I was thinking about making this post a separate thread but since it is going to be integrated into this one script I am just going to post it here.

As I said in my last post I am going to use Judago's Divide.bat to calculate the number of lines because we may run into file sizes that are larger than the Integer maximum of 2147483647. Going to take the total line length (Data + EOL) from the code that Dave gave me and divide that into the file size.

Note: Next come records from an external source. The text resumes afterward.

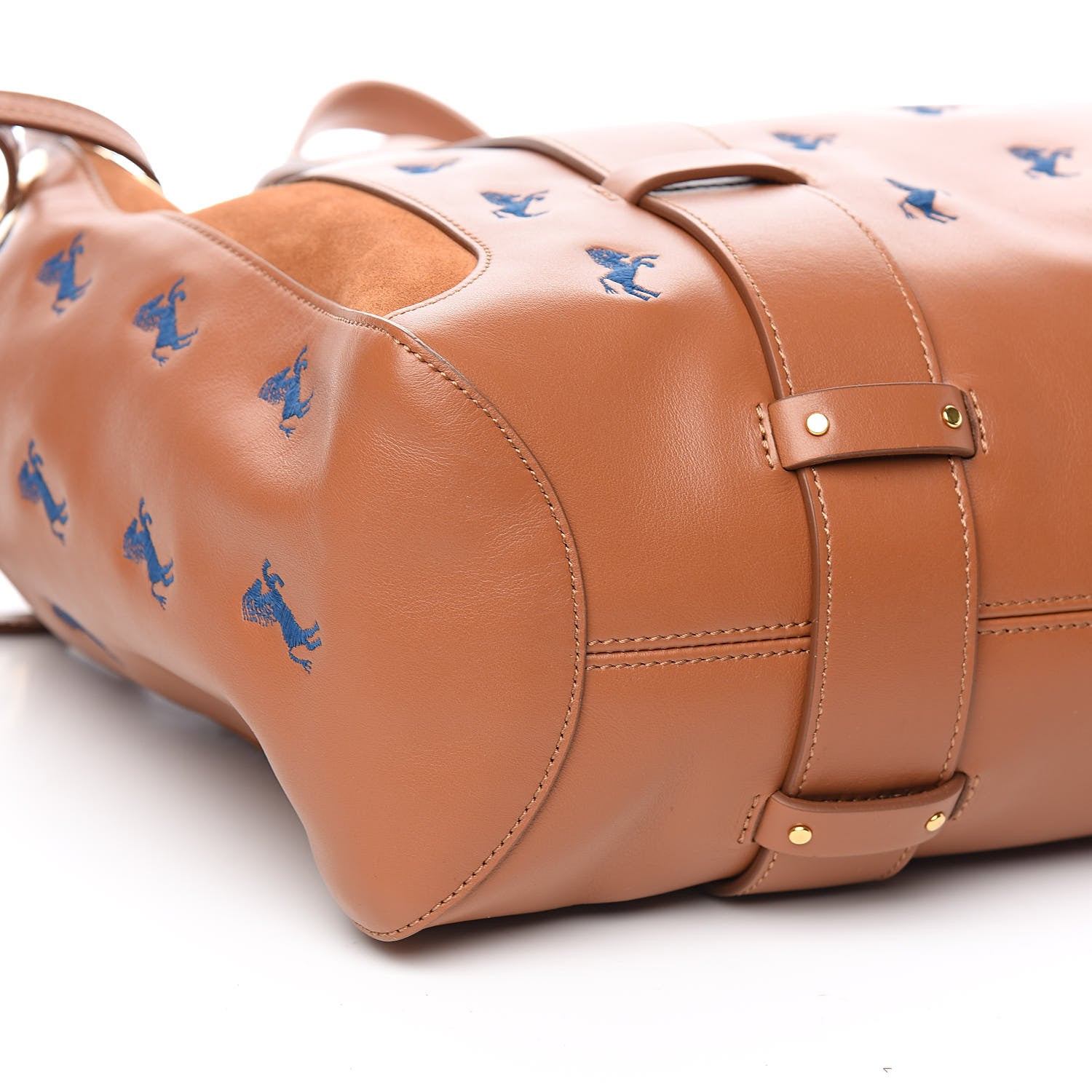 Chloe Smooth Calfskin Little Horses Embroidered Tao Zipped Tote Caramel 8 of 10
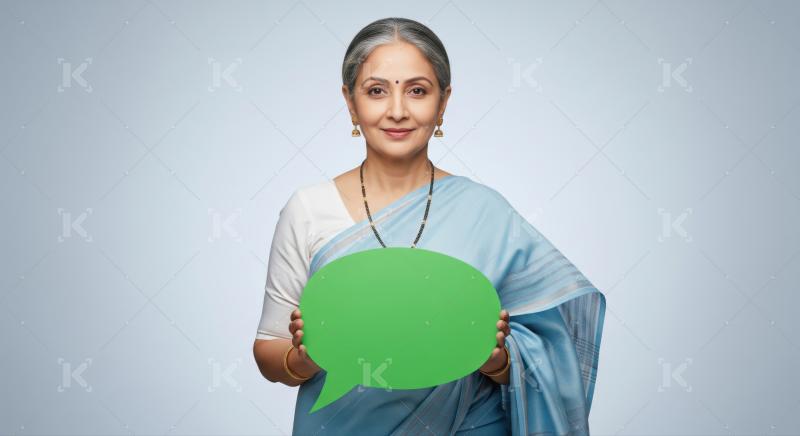 Mature Indian woman holds blank green speech bubble confidently.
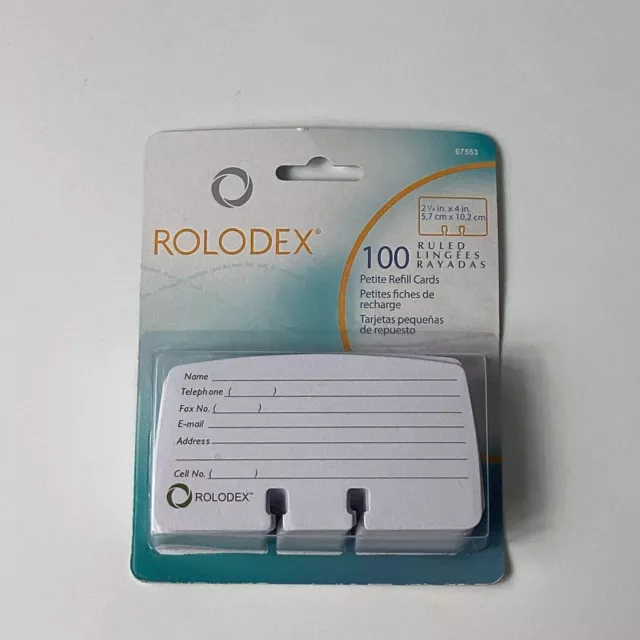 Rolodex Address Ruled Lined 100 Petite Refill Cards White 67553, 2-1/4x4” NEW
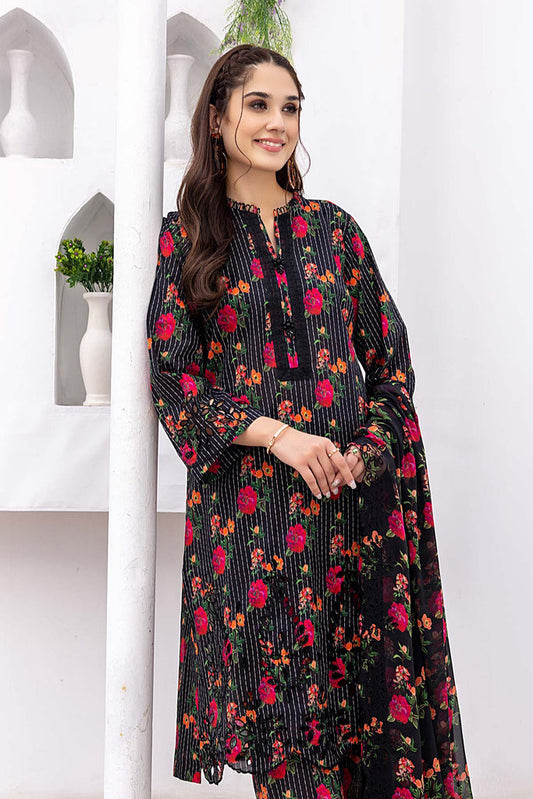 3-Pc Printed Embroidered Lawn Suit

With Judago's script is does seem to return the correct MOD (remainder) when you do specify the number of decimals places to be zero.

Code: Select all

E:\batch files\HEAD>divide.bat 24627955 / 985 "" 0
25003 - Leftover: (this isn't always the mod result)

E:\batch files\HEAD>divide.bat 24627956 / 985 "" 0
25003 - Leftover:1 (this isn't always the mod result)

E:\batch files\HEAD>divide.bat 24627954 / 985 "" 0
25002 - Leftover:984 (this isn't always the mod result)

When you don't specify the number decimals you get some weird output.

Code: Select all

E:\batch files\HEAD>divide.bat 24627956 / 985
25003.00101522 - Leftover:830 (this isn't always the mod result)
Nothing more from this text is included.